Nella notte tra il 15 e il 16 febbraio ad esempio una bomba devasta l’ingresso e parte dei locali del supermercato Coop di Viale Venezia, gestito da una cooperativa vicina al PCI. A rivendicare l’attentato saranno le Squadre d’Azione Mussolini (SAM). Una minaccia annunciata quindi quella di Piazza della Loggia e anello finale di una strategia della tensione nera che ancora oggi ha degli irrisolti.
Una lunga vicenda giudiziaria costellata di errori quella sulla strage di Piazza della Loggia
Le indagini si sono protratte per più di quarant’anni senza dare risultati soddisfacenti. Assoluzioni, insufficienza di prove, condanna delle parti civili – ovvero i familiari delle vittime – al rimborso delle spese processuali ( come per la strage di piazza Fontana). Solo nel giugno del 2017 la Corte di Cassazione ha messo fine alla lunga vicenda giudiziaria. L’organizzazione neofascista Ordine nuovo è tra i responsabili ed esecutori materiali della strage. Tuttora non si è stabilito se gli errori commessi durante le indagini fin dal principio fossero intenzionali. Ciò che emerge è infatti la gravità di certi comportamenti tenuti dalle forze dell’ordine nel rilevamento di importanti informazioni.

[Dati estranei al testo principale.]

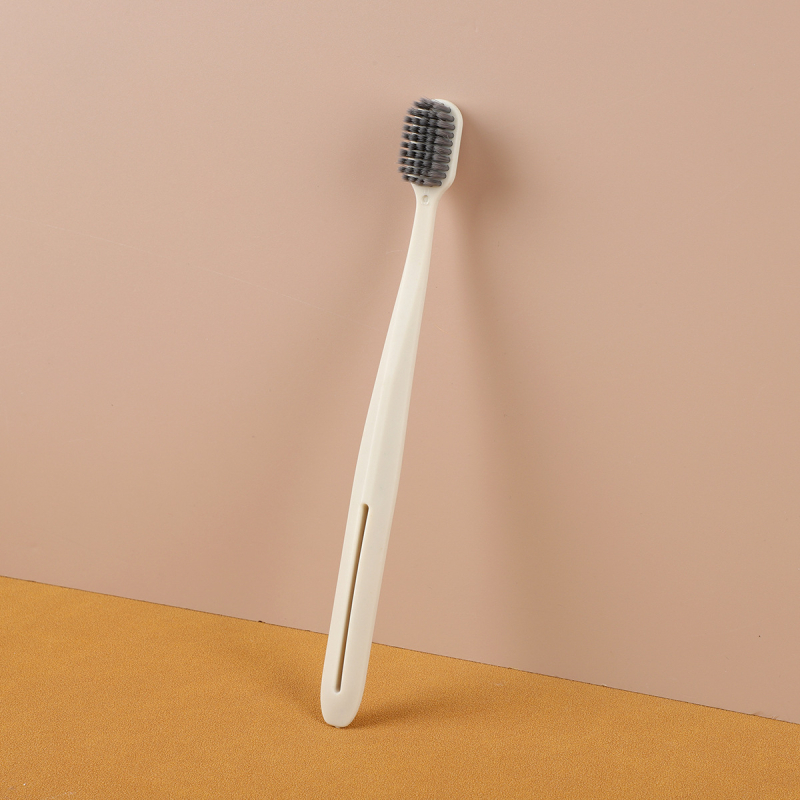 Σετ μιας χρήσης ξενοδοχείου για οδοντόβουρτσα και οδοντόκρεμα – Υλικό: πλαστικό; Διάρκεια ζωής: 36 μήνες; Μινιμαλιστικό σχέδιο; Εκτύπωση λογοτύπου; Προσαρμογή διαθέσιμη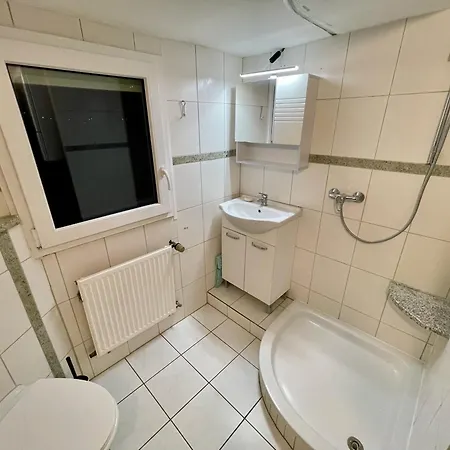 Schoene Zweizimmerwohnung Fuer Langzeitaufenthalte In Apartment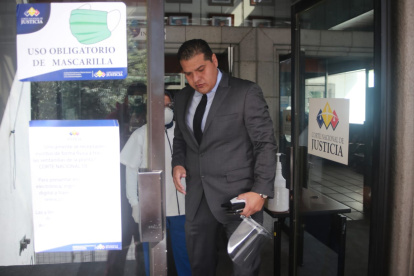 Protección. Harrison Salcedo, defensor de Jorge Glas, con los implementos de bioseguridad en sus manos.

Senza tenere in considerazione la cattiva gestione degli spazi e dell’ordine pubblico durante la manifestazione. Si possono inoltre annoverare altri episodi che lasciano dubbi sulla bontà delle intenzioni della questura. Non appena esplosa la bomba le persone, terrorizzate, vengono caricate dalla celere; a ciò seguono interrogatori e perquisizioni di attivisti di sinistra e degli stessi feriti che si riveleranno una perdita di tempo. Come se non bastasse, il vicequestore ordina ai vigili del fuoco di ripulire la piazza con un getto d’acqua, perdendo così i pochi indizi disponibili rimasti sul luogo della strage.

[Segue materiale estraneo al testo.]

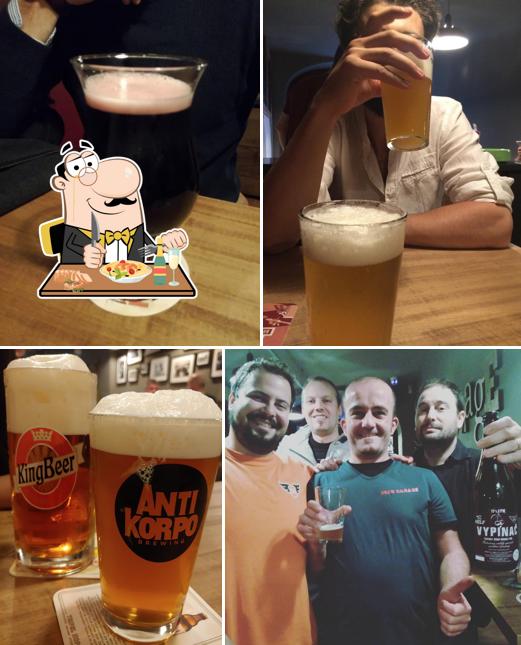 Tra le diverse cose da Beer Garage si possono trovare la cibo e bevanda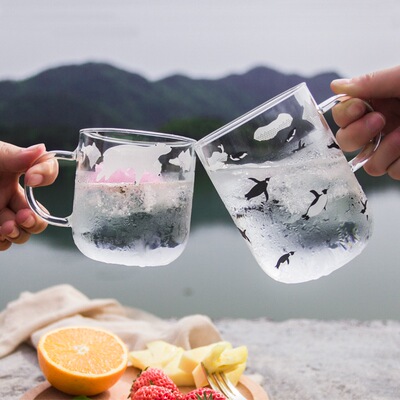 日式创意清新水杯北极熊企鹅玻璃杯透明情侣杯办公室带把手茶杯子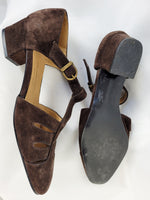 Load image into Gallery viewer, Vintage 80s mid heel brown suede sandals shoes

Il 20 giugno 2017 la Suprema corte ha confermato le condanne all’ergastolo inflitte nel 2015 ma ad oggi la corte di appello di Brescia ha accolto l’istanza di revisione di Tramonte, uno degli esecutori
Carlo Maria Maggi viene ritenuto uno dei mandanti della strage, e Maurizio Tramonte uno degli esecutori materiali. Maggi, ex leader di Ordine nuovo, è deceduto nel 2018 all’età di 84 anni. Tramonte, ex informatore dei servizi segreti è stato estradato dal Portogallo nel dicembre del 2017 e sta scontando la condanna nel carcere di Fossombrone. I loro nomi si aggiungono a quelli degli altri coinvolti nella strage: Carlo Digilio, Ermanno Buzzi e Marcello Soffiati.

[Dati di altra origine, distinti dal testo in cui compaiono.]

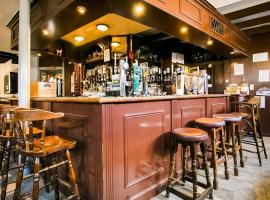 Corner Hotel，位于安格斯的酒店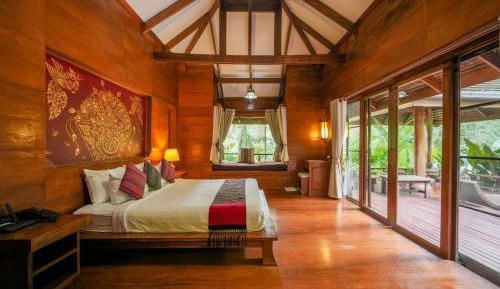 Suite Waterfall Pool Villa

Oggi la corte di appello di Brescia ha accolto l’istanza di revisione del processo presentata dalla difesa di Tramonte. Ci sarà quindi un nuovo processo, il sesto. L’8 luglio i giudici ascolteranno le dichiarazioni della sorella e della moglie sulla circostanza che, a differenza di quanto riportato dalla consulenza antropometrica di quella mattina, portava la barba e che quindi non era in piazza il giorno dello scoppio.
Perché bisogna ricordare l’anniversario della strage di Piazza della Loggia a Brescia
Perché mai e poi mai però si deve smettere di vigilare contro il pericolo fascista che mina la libertà e la democrazia. Mai e poi mai si deve smettere di raccontare e fare informazione in particolare per le nuove generazioni, ma anche perché la verità storica riguarda sempre tutti e tutte.
Quel giorno rimasero a terra senza vita: Giulietta Banzi Bazoli, anni 34, insegnante; Livia Bottardi Milani, anni 32, insegnante; Euplo Natali, anni 69, pensionato; Luigi Pinto, anni 25, insegnante; Bartolomeo Talenti, anni 56, operaio; Alberto Trebeschi, anni 37, insegnante; Clementina Calzari Trebeschi, anni 31, insegnante; Vittorio Zambarda, anni 60, operaio. Vittime innocenti della violenza neofascista.